Factually, the story seems to be pretty firmly told from the vantage of the US Federal government’s agents, with little thought to how Manafort or Russia might view the matter. So, when you ask whether the story is fair, the answer is “not entirely”.
That said, fair or not, I’d guess that the technical details are accurate and that all you’d get by letting Manafort defend himself is a bunch of BS. He’s a guy that it’s reasonable to be unfair to.
For me, the more interesting question would be: Why now? Why today?
If the US government was tracking Manafort deeply enough to know what he was chatting about with Kilimnik, face-to-face, that’s unlikely to be some new revelation. It’s something that they’ve probably known since 2016 and it’s probably the sort of information that they were showing the judge, during Manafort’s plea deal hearings, to demonstrate that he was not being honest and forthcoming with them.
While he was in prison, there may have been value in keeping the information secret.
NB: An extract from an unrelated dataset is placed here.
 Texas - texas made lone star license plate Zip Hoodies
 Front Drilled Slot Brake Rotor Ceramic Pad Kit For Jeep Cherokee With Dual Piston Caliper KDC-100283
After he was pardoned, there probably wasn’t anything restraining the release of this information, really.
I’ll grant that there was no particular need to dump everything that the FBI/CIA knew about Manafort, right at that moment, when he was released from prison. But - to my knowledge - there hasn’t been any reason at any point since then nor at this exact moment, either. So what changed?
Maybe it’s simply a matter of the reporters nagging the right people, regularly enough, to squeeze the information out of them at long last. But, plausibly, it’s some sort of shot across the bow to someone. That would be my hope.